ACTIVITY
Take the records below and extract, word for word, the lines from the one containing "Vionic Ava Silver" through the final line, inclusive. Omit pictures.

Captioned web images

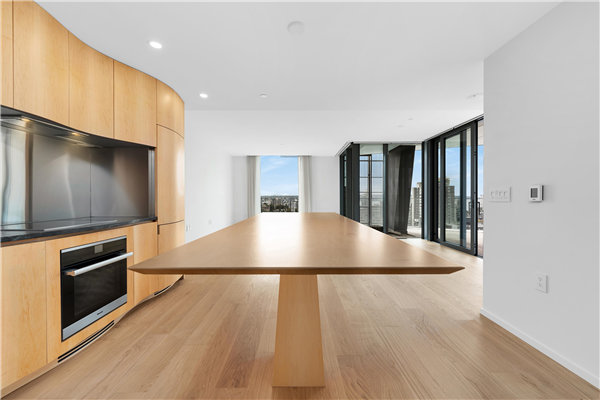 1801 1568 ALBERNI STREET, Vancouver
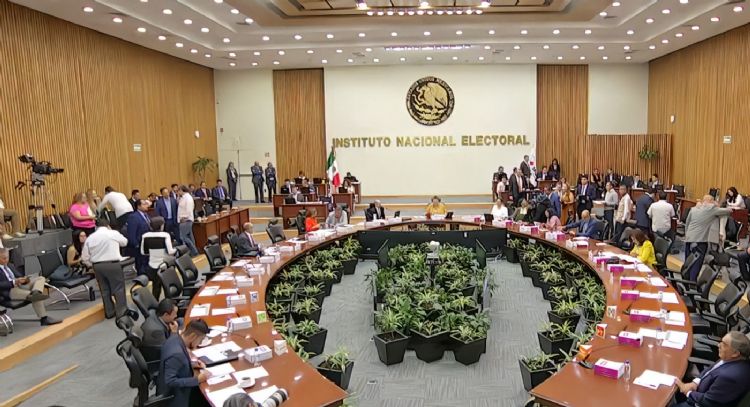 Tras elección judicial, renuncian dos directores de la Junta General del INE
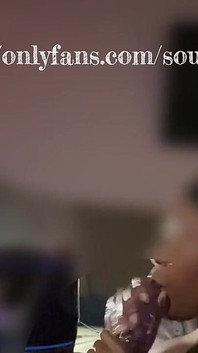 Cowok ini lagi asik nyepong kontolnya sambil nonton film yang aku tonton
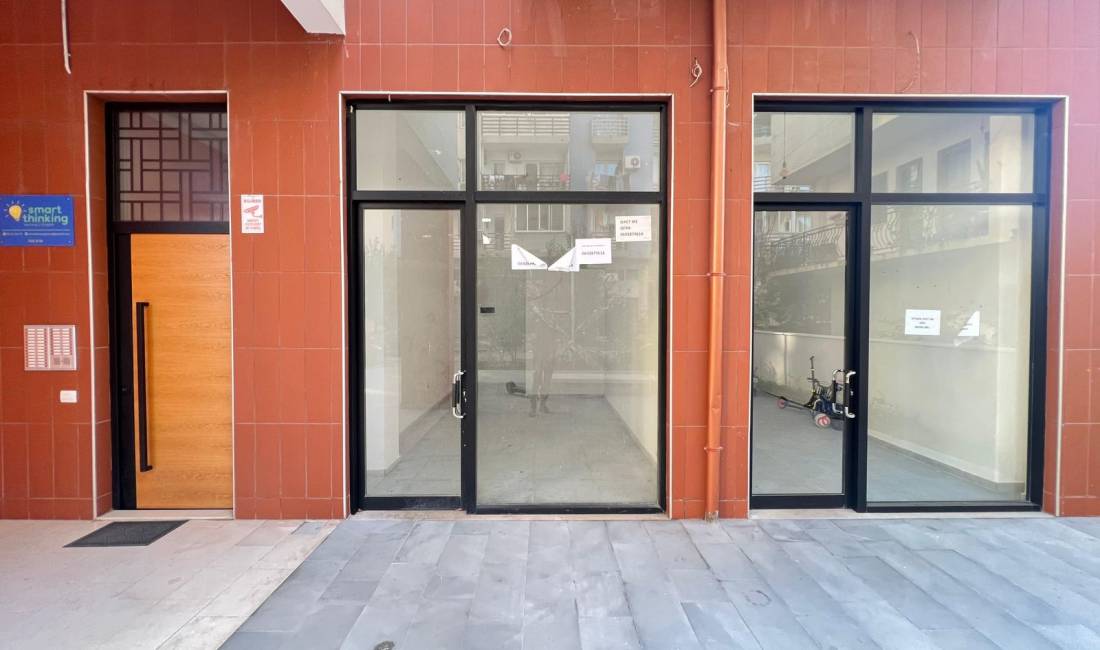 Dyqan per qera ,Rruga stavri themeli  Kati 0  Siperfaqe 26 m2  Cmimi 30000 leke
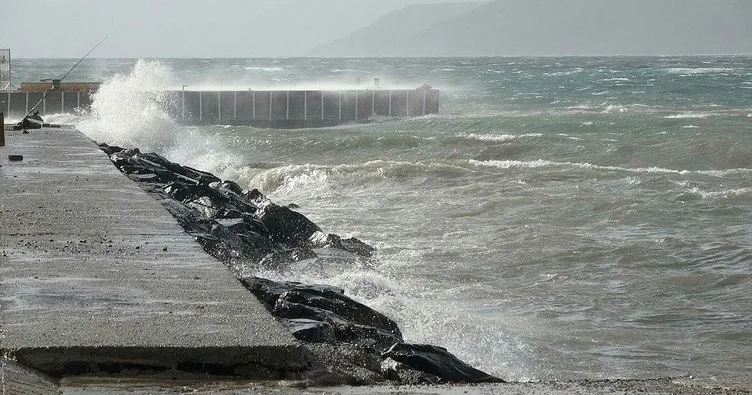 Güney Marmara’da feribot seferlerine fırtına engeli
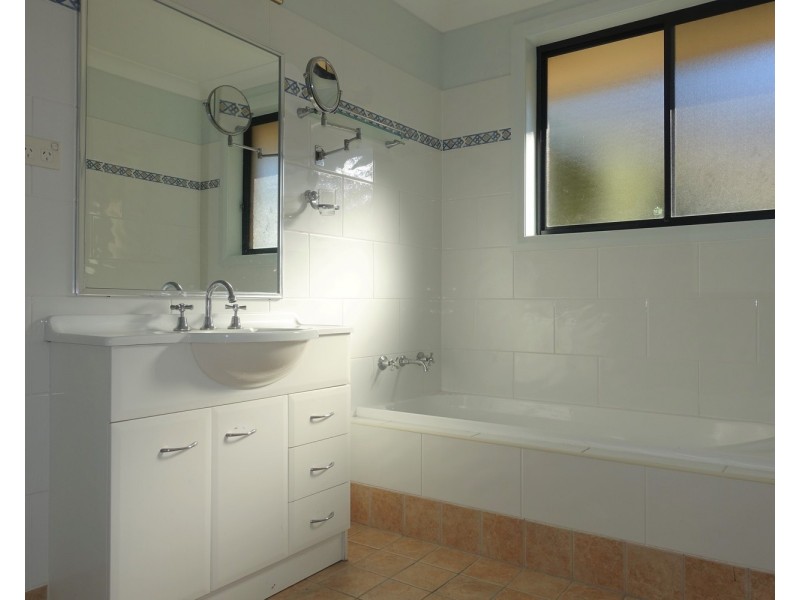 1/71 Shearwater Drive, Lake Heights NSW 2502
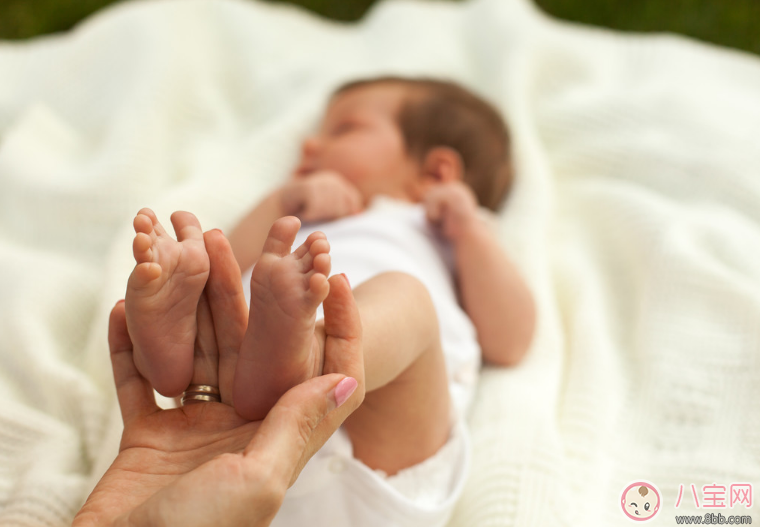 寶寶O型腿是因為缺鈣嗎 寶寶腿型是O的要不要補鈣 寶寶O型腿是因為缺鈣嗎 寶寶腿型是O的要不要補鈣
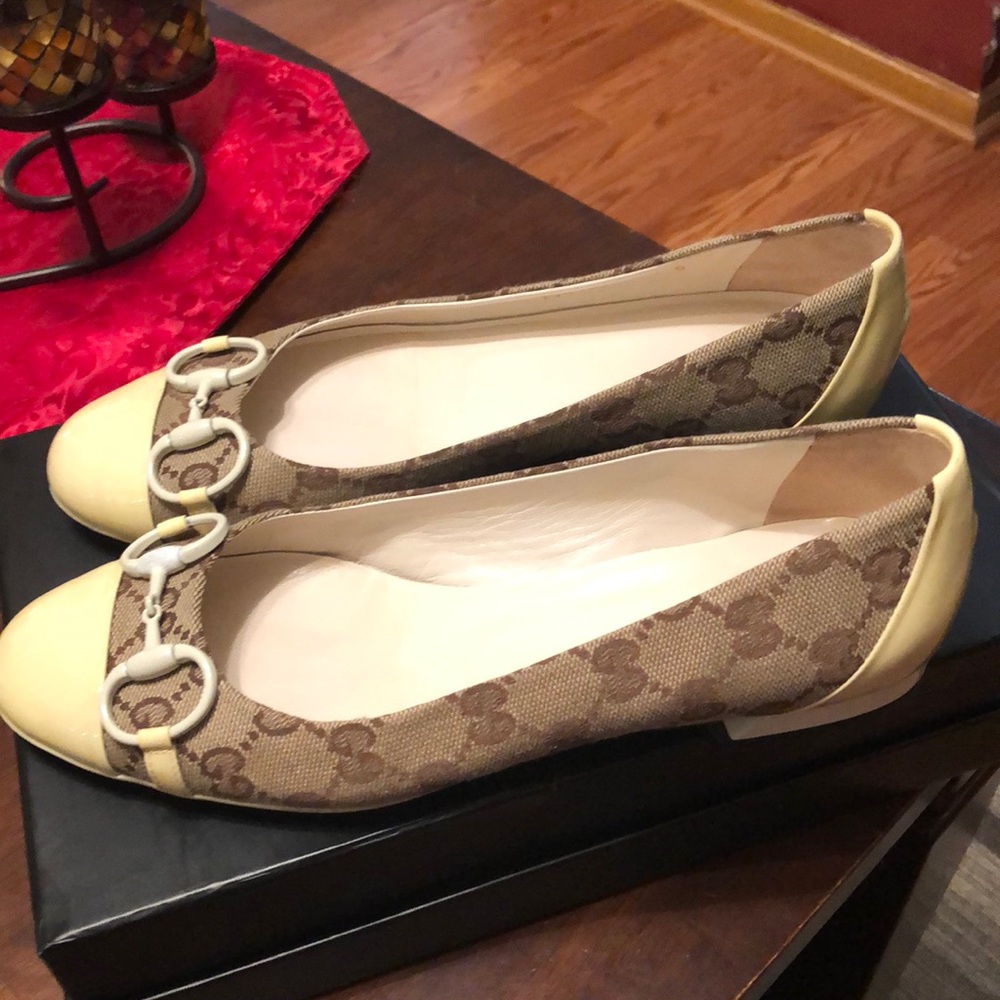 Gucci flats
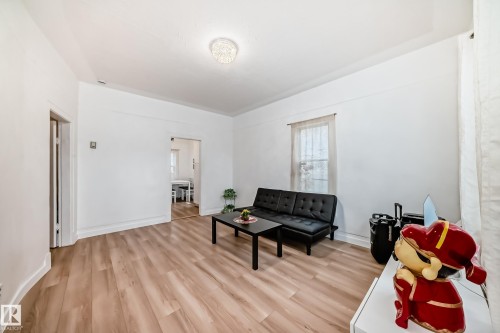 11331 92 Street, Edmonton, AB - Indoor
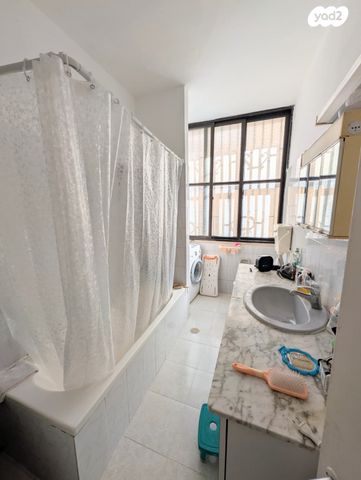 דירה, כצנלסון, הל"ה, גבעתיים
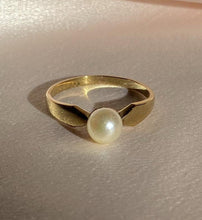Load image into Gallery viewer, Vintage Mid Century 10k Gold Natural Pearl Ring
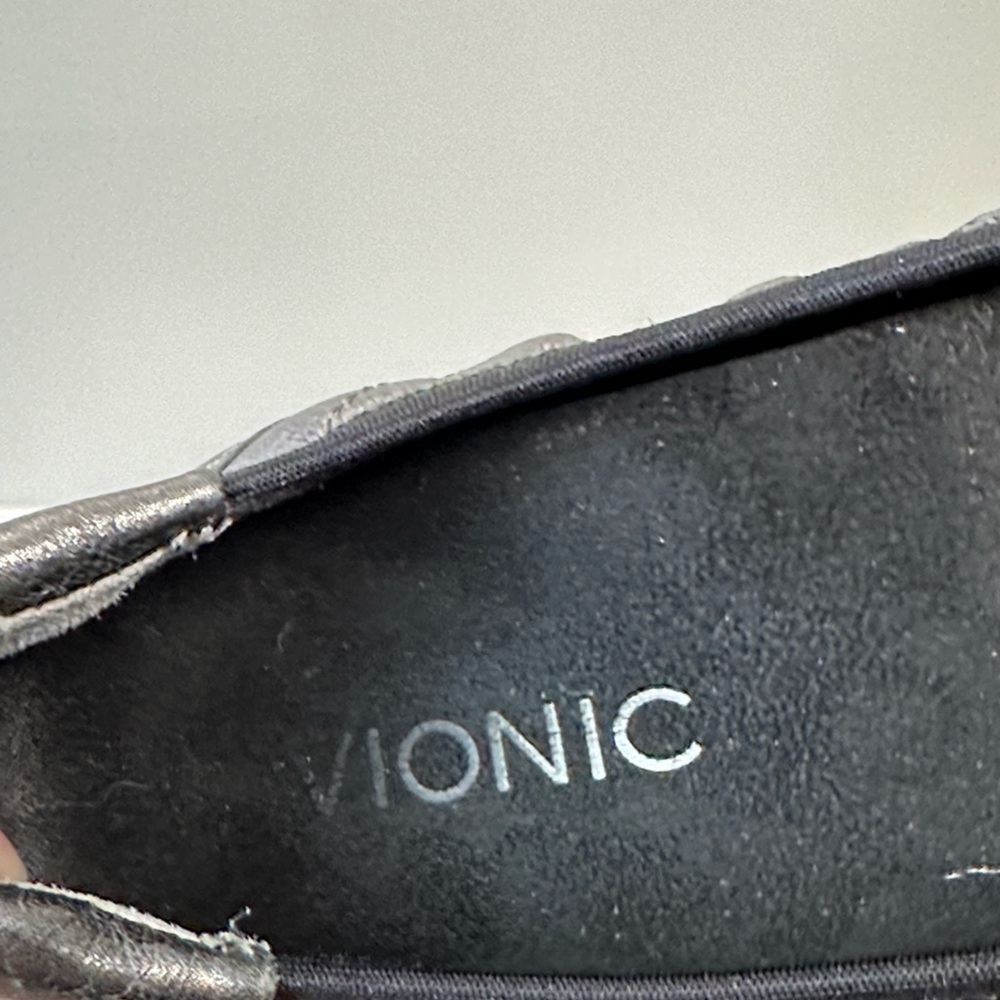 Vionic Ava Silver Ballet Flats Size 7 - Picture 12 of 15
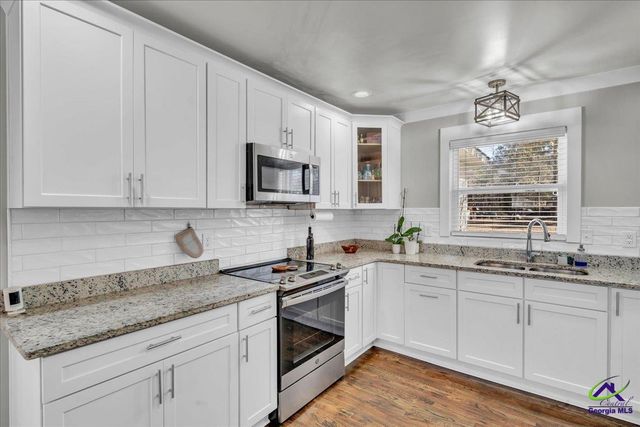 105 pine hill Circle, Byron, GA 31008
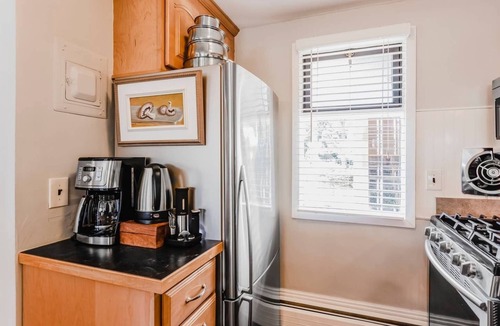 Norwood Condo | Boston - Norwood, Stylish Apartment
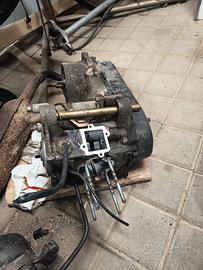 blocco motore f10 e un' altro e altri pezzi smembr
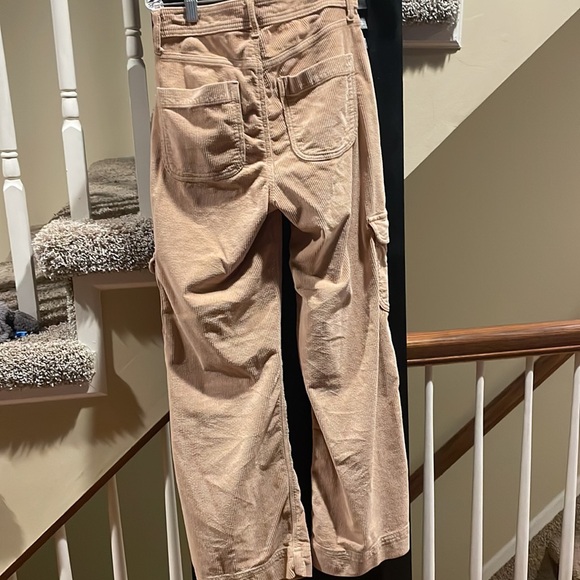American Eagle tan corduroy cargo pants size 2, short - Picture 6 of 7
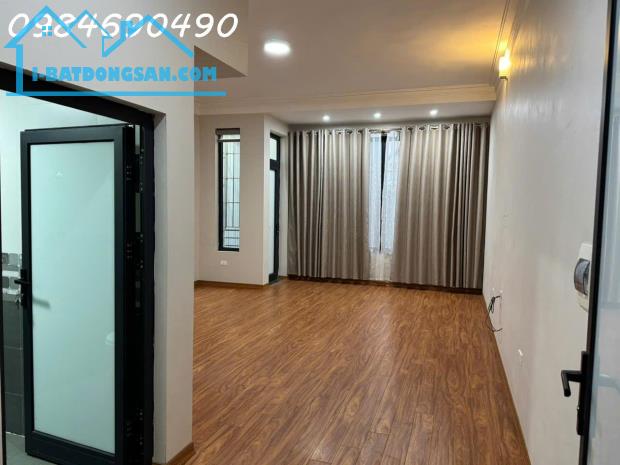 Cho thuê nhà nguyên căn Lai Xá - Hoài Đức DT 75m2, 3 tầng, full nội thất, giá 10tr/tháng - 2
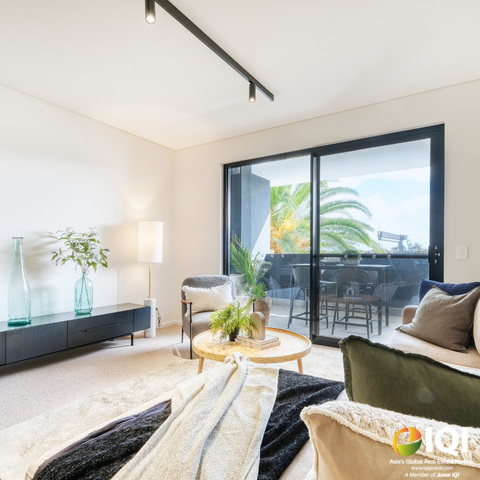 In the Heart of the South Perth Peninsula – Move In Ready Today! image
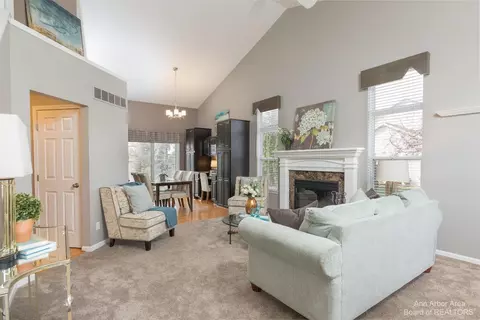 411 Cambridge Dr, Dexter, MI 48130 photo 2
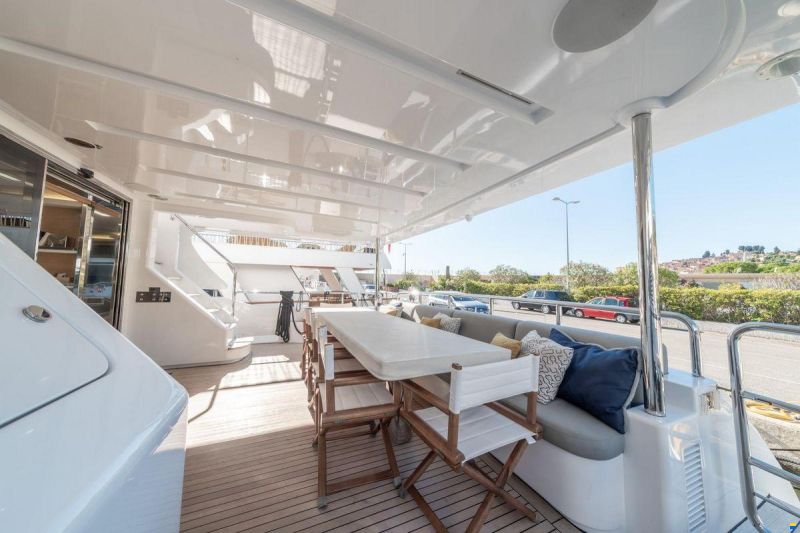 Benetti Delfino 93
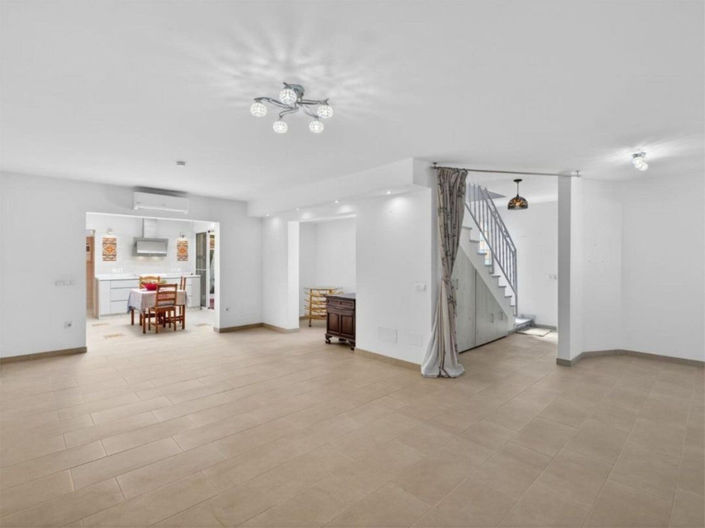 Image No.7-3 Bed Townhouse for sale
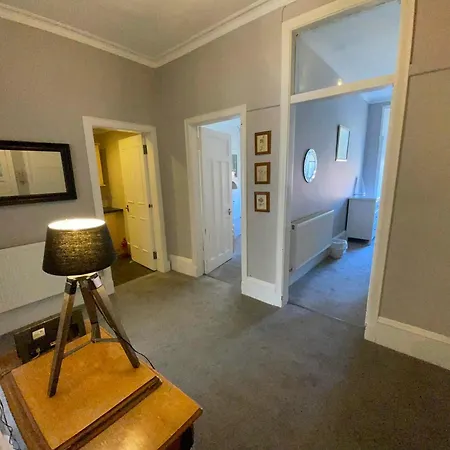 2 Bed West End * Glasgow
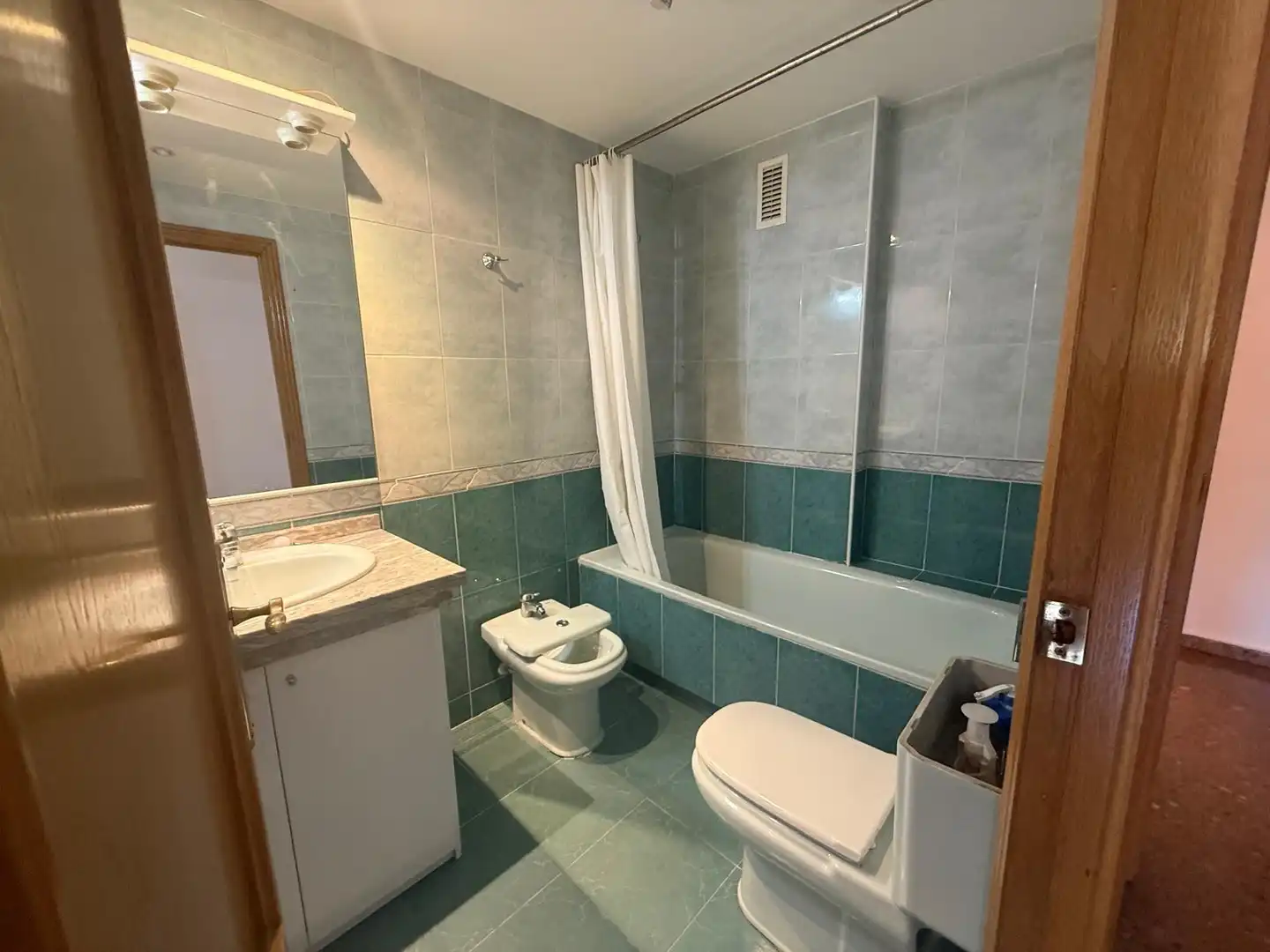 Baño de Piso de alquiler en Valencia con Aire acondicionado, Terraza y Balcón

TASK SOLUTION
 Vionic Ava Silver Ballet Flats Size 7 - Picture 12 of 15
 105 pine hill Circle, Byron, GA 31008
 Norwood Condo | Boston - Norwood, Stylish Apartment
 blocco motore f10 e un' altro e altri pezzi smembr
American Eagle tan corduroy cargo pants size 2, short - Picture 6 of 7
 Cho thuê nhà nguyên căn Lai Xá - Hoài Đức DT 75m2, 3 tầng, full nội thất, giá 10tr/tháng - 2
 In the Heart of the South Perth Peninsula – Move In Ready Today! image
 411 Cambridge Dr, Dexter, MI 48130 photo 2
 Benetti Delfino 93
 Image No.7-3 Bed Townhouse for sale
 2 Bed West End * Glasgow
 Baño de Piso de alquiler en Valencia con Aire acondicionado, Terraza y Balcón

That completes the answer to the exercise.